Figure 3. rAAV9.2xsup-tRNA^Tyr treatment rescued MPS-I phenotype in mice.

a, Workflow to assess in vivo rAAV9 delivery of the 2xsup-tRNA^Tyr expression cassette in male Idua^W401X/W401X knock-in mice (KI/KI). b-f, Serum IDUA enzymatic activity (b), urine GAG levels (c), tissue IDUA enzymatic activity (d), tissue GAG levels (e), and representative LAMP1 immunohistochemistry images and quantification of liver sections (f) in KI/KI mice with (+) or without (−) rAAV9.2xsup-tRNA^Tyr treatment at 10 weeks post treatment (n=4 per group).

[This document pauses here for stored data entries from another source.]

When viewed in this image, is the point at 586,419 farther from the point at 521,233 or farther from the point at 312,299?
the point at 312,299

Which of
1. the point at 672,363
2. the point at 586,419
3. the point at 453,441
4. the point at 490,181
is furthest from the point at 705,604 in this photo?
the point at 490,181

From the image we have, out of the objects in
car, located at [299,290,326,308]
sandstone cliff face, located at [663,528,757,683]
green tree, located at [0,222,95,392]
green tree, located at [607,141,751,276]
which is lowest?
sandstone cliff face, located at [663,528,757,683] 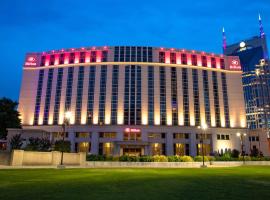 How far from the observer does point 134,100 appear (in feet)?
254

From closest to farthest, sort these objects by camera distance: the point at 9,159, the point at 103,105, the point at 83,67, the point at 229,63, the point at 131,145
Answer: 1. the point at 9,159
2. the point at 131,145
3. the point at 103,105
4. the point at 83,67
5. the point at 229,63

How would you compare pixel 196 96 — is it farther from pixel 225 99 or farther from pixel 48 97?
pixel 48 97

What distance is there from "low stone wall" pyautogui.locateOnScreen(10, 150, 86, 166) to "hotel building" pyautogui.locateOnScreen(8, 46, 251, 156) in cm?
3271

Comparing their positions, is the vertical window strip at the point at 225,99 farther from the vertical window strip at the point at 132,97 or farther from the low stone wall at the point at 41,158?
the low stone wall at the point at 41,158

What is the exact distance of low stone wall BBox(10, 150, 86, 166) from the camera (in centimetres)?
3256

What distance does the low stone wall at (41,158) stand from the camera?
3256cm

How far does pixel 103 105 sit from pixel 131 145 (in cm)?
A: 1651

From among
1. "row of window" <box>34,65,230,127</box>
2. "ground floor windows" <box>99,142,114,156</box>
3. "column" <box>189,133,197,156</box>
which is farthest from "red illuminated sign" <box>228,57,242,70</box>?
"ground floor windows" <box>99,142,114,156</box>

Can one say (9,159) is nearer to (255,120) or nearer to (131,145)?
(131,145)

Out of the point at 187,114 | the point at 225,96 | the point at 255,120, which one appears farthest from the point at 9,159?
the point at 255,120

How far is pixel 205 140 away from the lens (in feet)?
256

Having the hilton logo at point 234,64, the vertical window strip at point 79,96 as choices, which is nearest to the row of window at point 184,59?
the hilton logo at point 234,64

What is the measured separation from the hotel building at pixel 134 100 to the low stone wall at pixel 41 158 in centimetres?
3271

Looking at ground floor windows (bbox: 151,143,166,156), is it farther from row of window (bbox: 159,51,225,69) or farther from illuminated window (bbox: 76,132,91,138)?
row of window (bbox: 159,51,225,69) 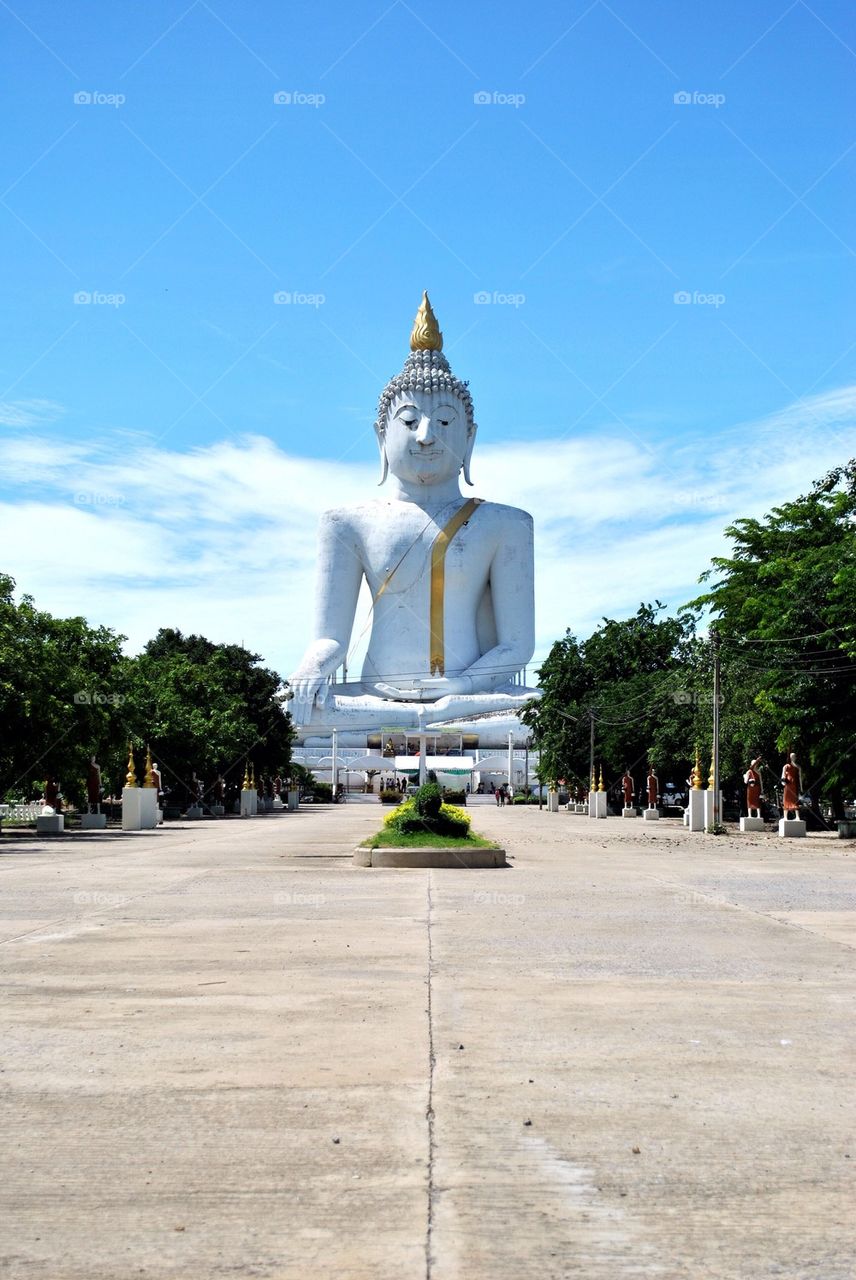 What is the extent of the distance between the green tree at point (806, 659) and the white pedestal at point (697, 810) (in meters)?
1.69

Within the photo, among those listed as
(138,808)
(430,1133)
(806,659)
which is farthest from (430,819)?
(138,808)

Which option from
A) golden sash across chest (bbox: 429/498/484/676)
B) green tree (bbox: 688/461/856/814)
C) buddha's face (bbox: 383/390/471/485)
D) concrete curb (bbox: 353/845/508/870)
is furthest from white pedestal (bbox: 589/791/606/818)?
concrete curb (bbox: 353/845/508/870)

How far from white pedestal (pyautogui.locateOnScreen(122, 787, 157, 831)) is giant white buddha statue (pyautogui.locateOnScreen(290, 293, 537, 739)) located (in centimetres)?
3420

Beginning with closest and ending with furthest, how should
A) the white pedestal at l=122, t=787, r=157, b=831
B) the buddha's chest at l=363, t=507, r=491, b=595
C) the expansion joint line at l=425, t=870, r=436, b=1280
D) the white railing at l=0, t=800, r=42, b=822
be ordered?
the expansion joint line at l=425, t=870, r=436, b=1280, the white pedestal at l=122, t=787, r=157, b=831, the white railing at l=0, t=800, r=42, b=822, the buddha's chest at l=363, t=507, r=491, b=595

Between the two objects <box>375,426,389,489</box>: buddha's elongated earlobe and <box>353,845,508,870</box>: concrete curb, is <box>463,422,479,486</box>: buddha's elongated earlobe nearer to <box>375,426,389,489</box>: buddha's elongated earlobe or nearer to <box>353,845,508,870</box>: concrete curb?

In b and d, the right y-axis denotes absolute IDUA specific activity, and the left y-axis denotes relative activity normalized to untreated heterozygous mice (KI/+) (n=3) as 50% of wildtype (+/+) level. In f, scale bar=200 μm. g, Serum IDUA activity in KO/KO mice with (+) or without (−) sup-tRNA^Tyr treatment (n=3 and 8, respectively) and KO/+ without sup-tRNA^Tyr treatment (n=14). h, Droplet digital PCR (ddPCR) quantification of mouse Idua cDNA in the liver and heart of KI/KI (n=4), KI/+ (n=4), or +/+ (n=5) mice, with (+) or without (−) rAAV9.2xsup-tRNA^Tyr treatment. i, Next generation sequencing (NGS) quantification of targeted mouse Idua cDNA amplicons in the liver and heart of KI/+ mice, with (+) or without (−) rAAV9.2xsup-tRNA^Tyr treatment (n=4 per group). The percentage of Idua cDNA harboring the W401X mutation [UAG(Mut), orange] or WT sequence [UGG(WT), green] is shown. Statistical analysis in (i) was performed by two-sided Fisher’s exact test. In b-h, statistical analysis was performed by one-way ANOVA followed by two-sided Dunnett’s multiple comparisons test; data are mean ± s.d. of individual animals (circles). *p < 0.05, **p < 0.01, ***p < 0.001, ns: not significant.